START RECORDS PROVIDED
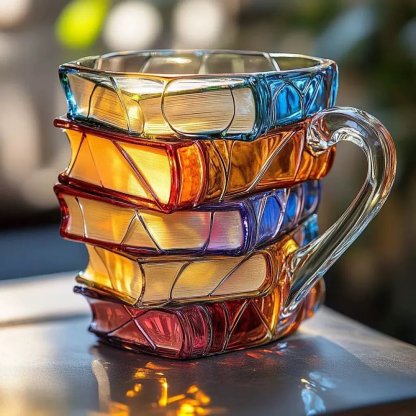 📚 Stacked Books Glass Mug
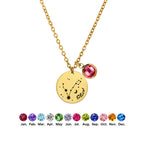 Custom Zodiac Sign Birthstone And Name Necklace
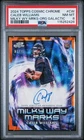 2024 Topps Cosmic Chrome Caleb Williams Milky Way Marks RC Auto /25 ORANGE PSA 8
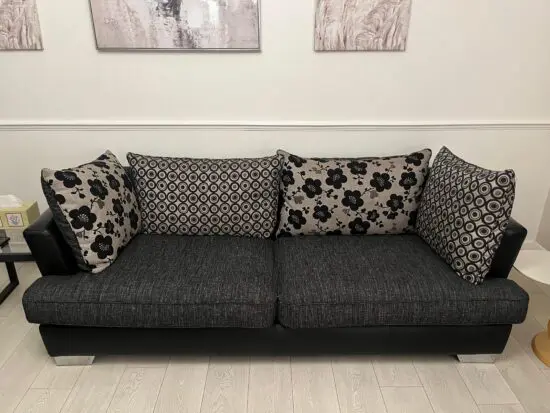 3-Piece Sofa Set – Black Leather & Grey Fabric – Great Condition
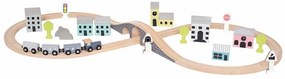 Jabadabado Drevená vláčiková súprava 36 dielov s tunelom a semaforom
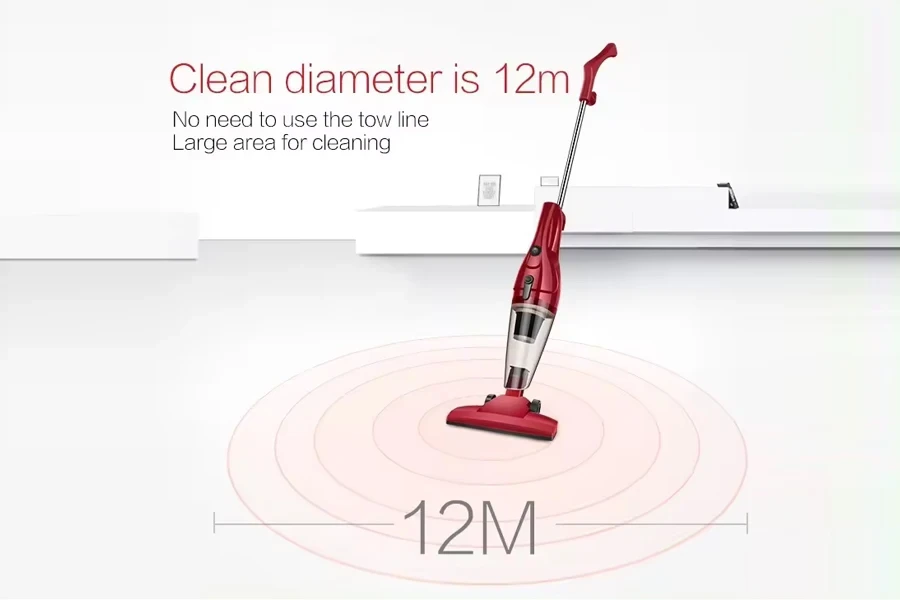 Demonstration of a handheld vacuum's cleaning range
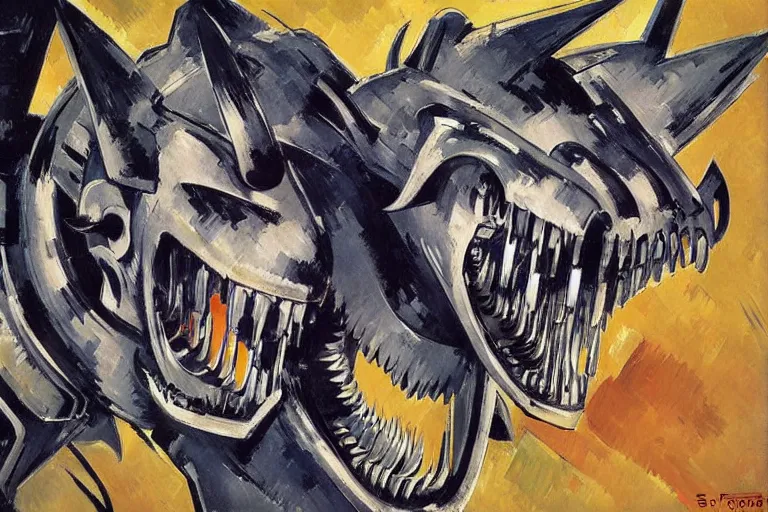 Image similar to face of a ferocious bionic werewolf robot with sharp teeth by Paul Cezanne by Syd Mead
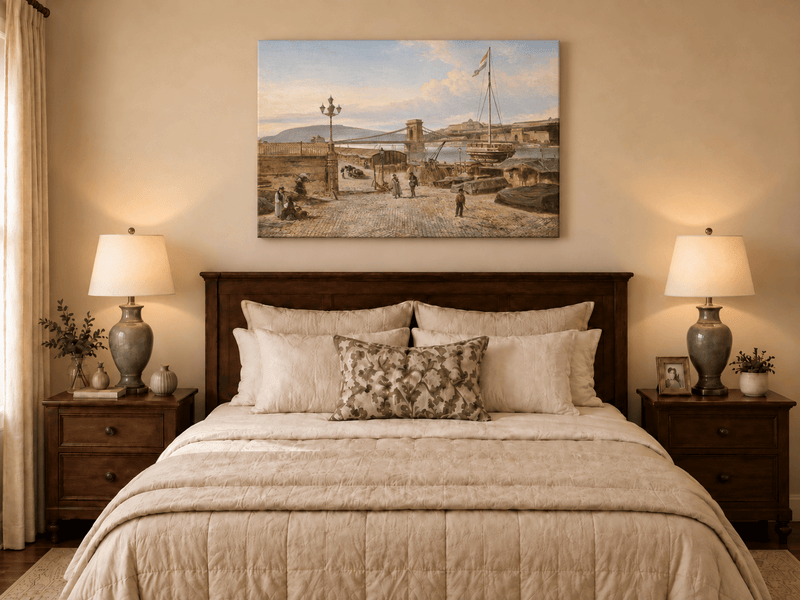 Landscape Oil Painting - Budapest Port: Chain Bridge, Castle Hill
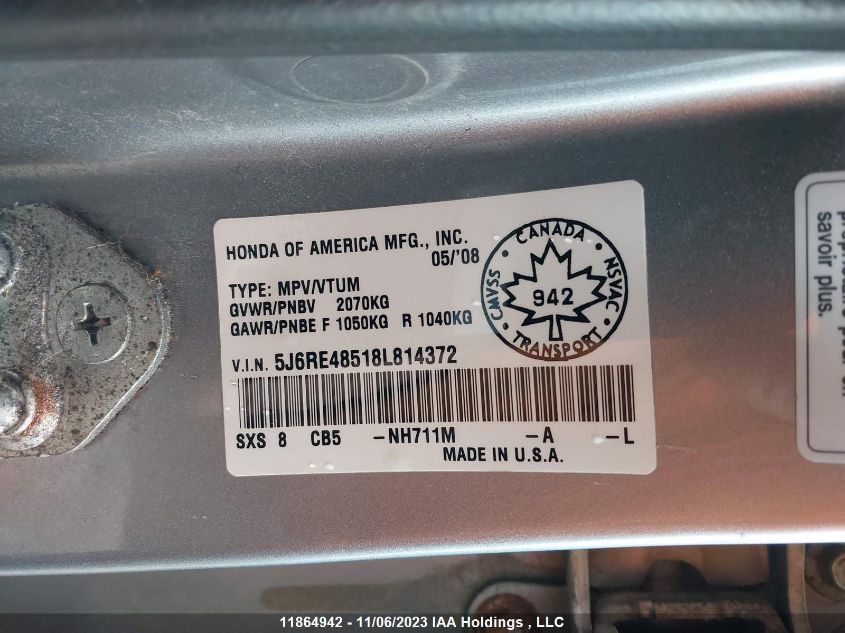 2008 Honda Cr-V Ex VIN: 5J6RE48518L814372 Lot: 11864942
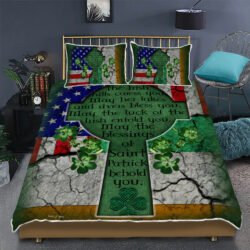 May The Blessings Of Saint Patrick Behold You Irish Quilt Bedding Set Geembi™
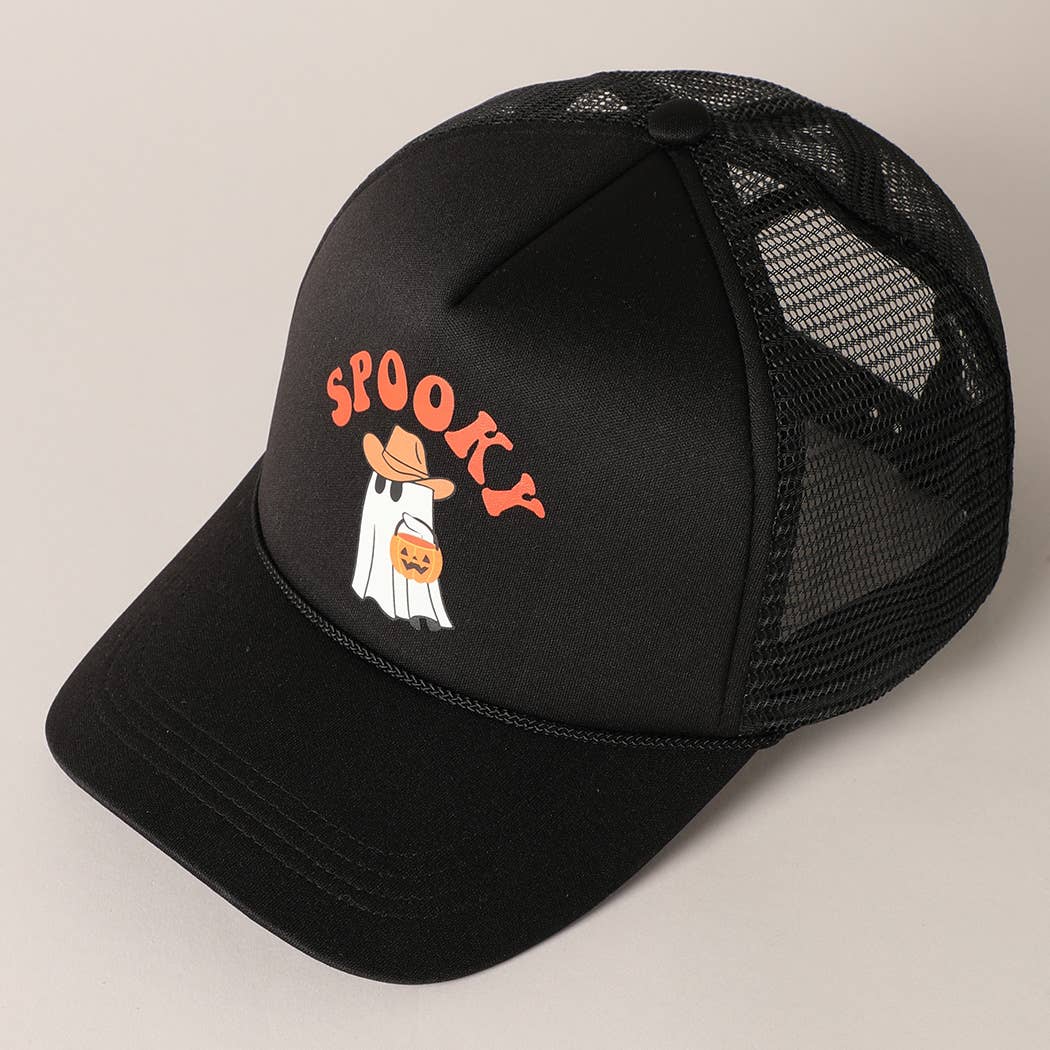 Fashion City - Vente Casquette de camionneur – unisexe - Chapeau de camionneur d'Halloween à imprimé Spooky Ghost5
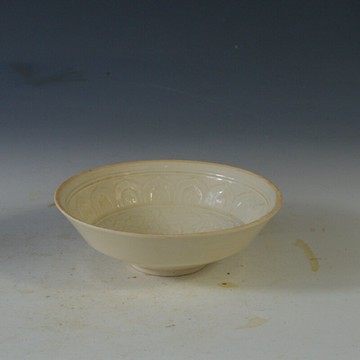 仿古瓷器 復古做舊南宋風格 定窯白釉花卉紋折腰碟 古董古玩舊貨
END RECORDS PROVIDED
START RECORDS PROVIDED
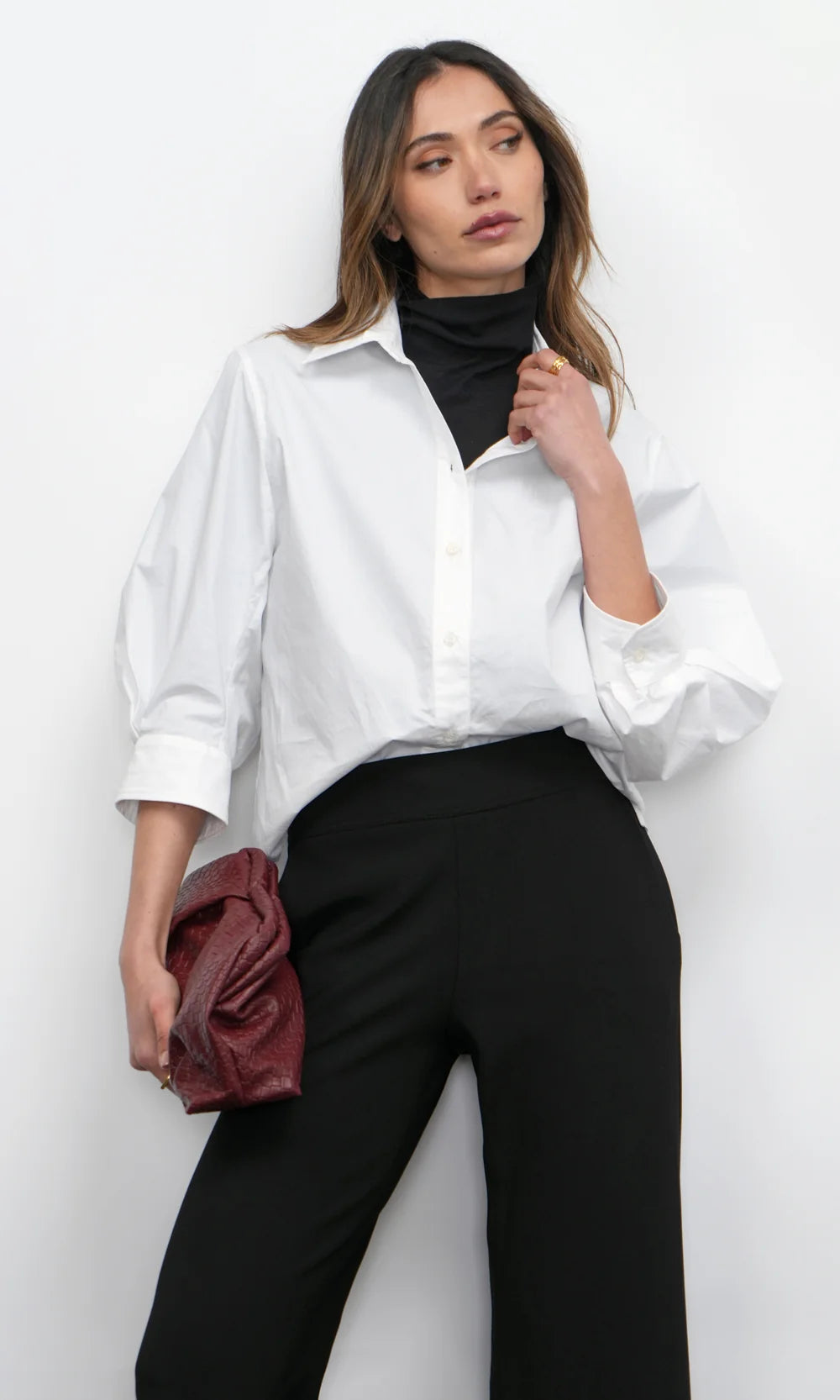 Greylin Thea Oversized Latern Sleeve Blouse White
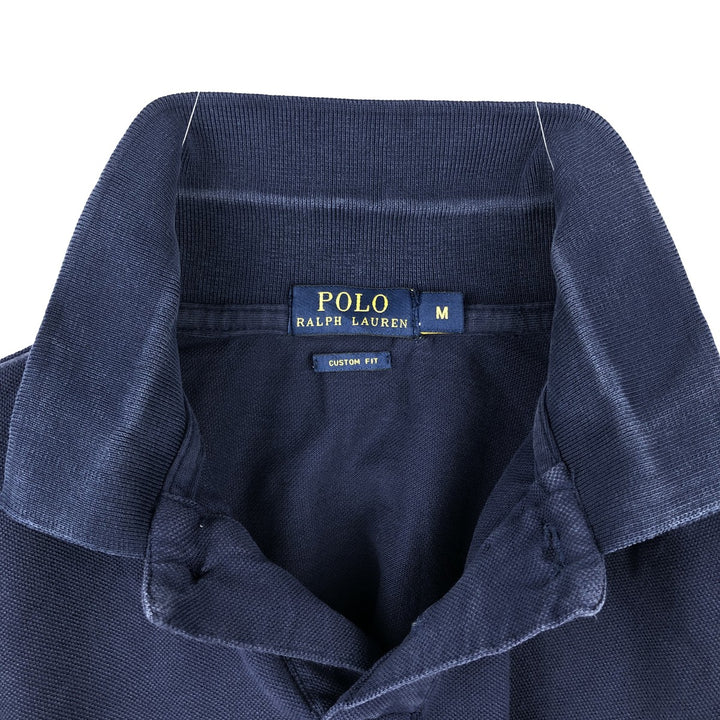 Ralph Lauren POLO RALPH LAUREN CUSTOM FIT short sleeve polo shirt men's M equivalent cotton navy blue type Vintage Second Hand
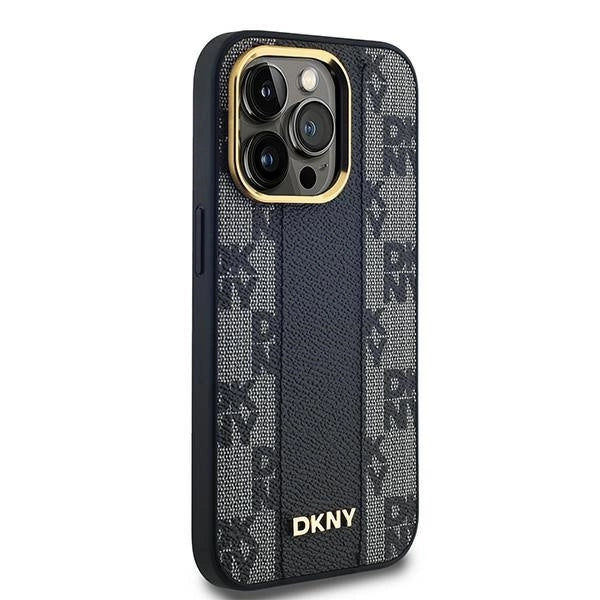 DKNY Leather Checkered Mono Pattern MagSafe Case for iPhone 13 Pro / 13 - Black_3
END RECORDS PROVIDED
START RECORDS PROVIDED
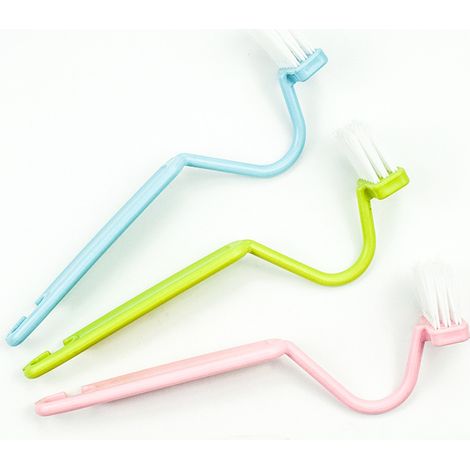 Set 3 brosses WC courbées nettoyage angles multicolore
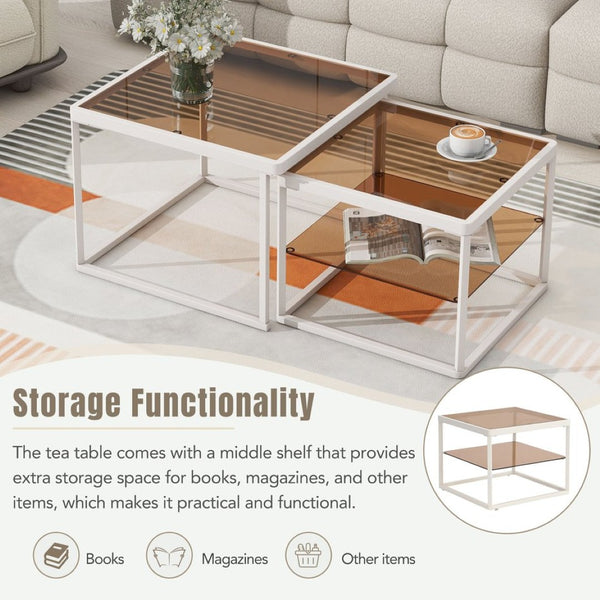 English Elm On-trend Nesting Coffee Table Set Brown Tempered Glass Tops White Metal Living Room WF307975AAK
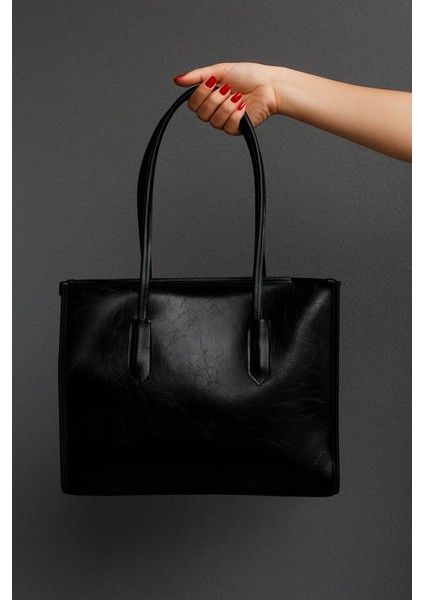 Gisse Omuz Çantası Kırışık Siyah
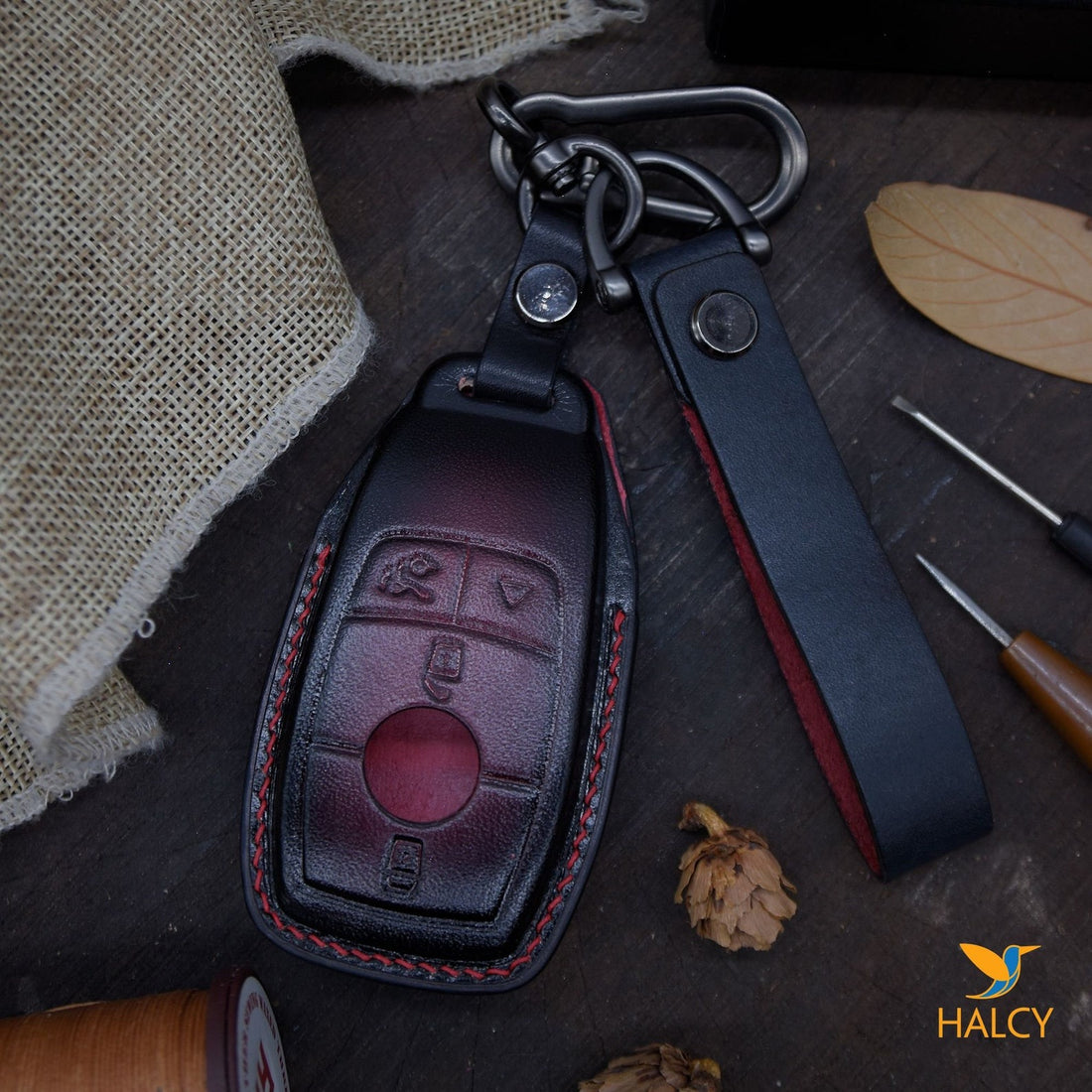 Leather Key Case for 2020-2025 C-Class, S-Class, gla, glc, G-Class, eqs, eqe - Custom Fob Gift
END RECORDS PROVIDED
• WHAT THIS TASK INVOLVES
Everything above from the line with "May The Blessings" through the line with "仿古瓷器 復古做舊南宋風格 定窯白釉花卉紋折腰碟 古董古玩舊貨" should be retyped exactly, and nothing else; omit pictures.

• COMPLETED TASK
 May The Blessings Of Saint Patrick Behold You Irish Quilt Bedding Set Geembi™
 Fashion City - Vente Casquette de camionneur – unisexe - Chapeau de camionneur d'Halloween à imprimé Spooky Ghost5
 仿古瓷器 復古做舊南宋風格 定窯白釉花卉紋折腰碟 古董古玩舊貨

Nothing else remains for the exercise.